Roberta Schine: SHARE’s Yoga Teacher & Dedicated Volunteer


When and how did you first get involved with SHARE?

I got involved in 1985, when I was 41. I didn't know anyone else who had breast cancer, and I was in shock. I don't remember how I got SHARE's phone number, but I do remember coming to its little office and talking to Lee Miller. I had been hearing that m-word, mastectomy, and I was scared. But Lee was very calm and relaxed, and she took me under her wing. After we met, she started inviting me to SHARE events, and right away I cleaved to it. Participating in SHARE became very important to me, whether getting into a support group, where I made some lifelong friends, or the activities around it.

I watched SHARE grow tremendously. The support group I first joined started as just one big group, until more women wanted a group. There were older women, women of color, LatinaSHARE, groups for women who had metastatic disease. They all came with tensions and questions, but we went through our growing pains authentically and came out on the other side.

In what ways have you been involved with SHARE?

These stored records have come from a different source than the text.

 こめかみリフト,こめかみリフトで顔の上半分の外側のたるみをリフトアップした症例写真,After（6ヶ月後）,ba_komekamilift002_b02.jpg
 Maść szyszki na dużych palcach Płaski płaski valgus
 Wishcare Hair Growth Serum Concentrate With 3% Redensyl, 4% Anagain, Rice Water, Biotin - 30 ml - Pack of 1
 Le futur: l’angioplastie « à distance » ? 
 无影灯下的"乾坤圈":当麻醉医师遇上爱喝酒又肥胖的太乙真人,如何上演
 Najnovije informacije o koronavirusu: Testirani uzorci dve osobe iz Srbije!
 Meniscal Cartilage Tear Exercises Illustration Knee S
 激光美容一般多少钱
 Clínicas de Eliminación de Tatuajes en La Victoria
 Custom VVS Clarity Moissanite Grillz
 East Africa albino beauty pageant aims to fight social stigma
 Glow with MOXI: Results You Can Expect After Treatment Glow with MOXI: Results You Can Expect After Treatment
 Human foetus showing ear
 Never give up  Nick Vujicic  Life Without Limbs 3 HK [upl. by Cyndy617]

SHARE is where I taught my first yoga class; it was at an all-day support group in a community center. Alice Yaker encouraged me to build a yoga practice with other organizations, too, but I taught yoga and meditation at SHARE first for a while. I also taught theater at SHARE for a while, encouraging women to act out whatever their issues were, whether it was interviewing for a job after being at home or going on a date. I also helped plan SHARE's first walk-a-thon! Later, I became involved in LatinaSHARE -- I started studying Spanish and taught yoga to the Latina women, then eventually got on the Latina advisory committee. I was still teaching yoga here around 2006.

I have written about eight stories about my work at SHARE. Most of them were published in SHARE's newsletter or in the newsletter for Kripalu, a yoga retreat center. I also worked with Lee Miller to create bilingual memorial services, and I went to the leadership training in Washington, D.C., a few times. On most of my cancer-anniversaries, I did some small-scale fundraising, too.

How has SHARE helped you?

I have made quite a few life-long friends at SHARE. I feel very blessed. SHARE has given me the perspective that I don't have to be alone if I don't choose to be. My deepest fear was always a cancer recurrence, but I knew I could call SHARE if I needed someone. I have a network of support now, and that brings me huge comfort when I go to sleep at night. SHARE also gave me my first job and the confidence to give up what I had been doing and move full-force into being a yoga teacher, which is a wonderful way of life.

What is your 40th Anniversary wish for SHARE?

I hope SHARE continues to grow for as long as it's needed, for as long as breast and ovarian cancer exist. In other words, I hope it folds soon because it isn't needed! I also hope that we remember some of the wonderful women who didn't survive.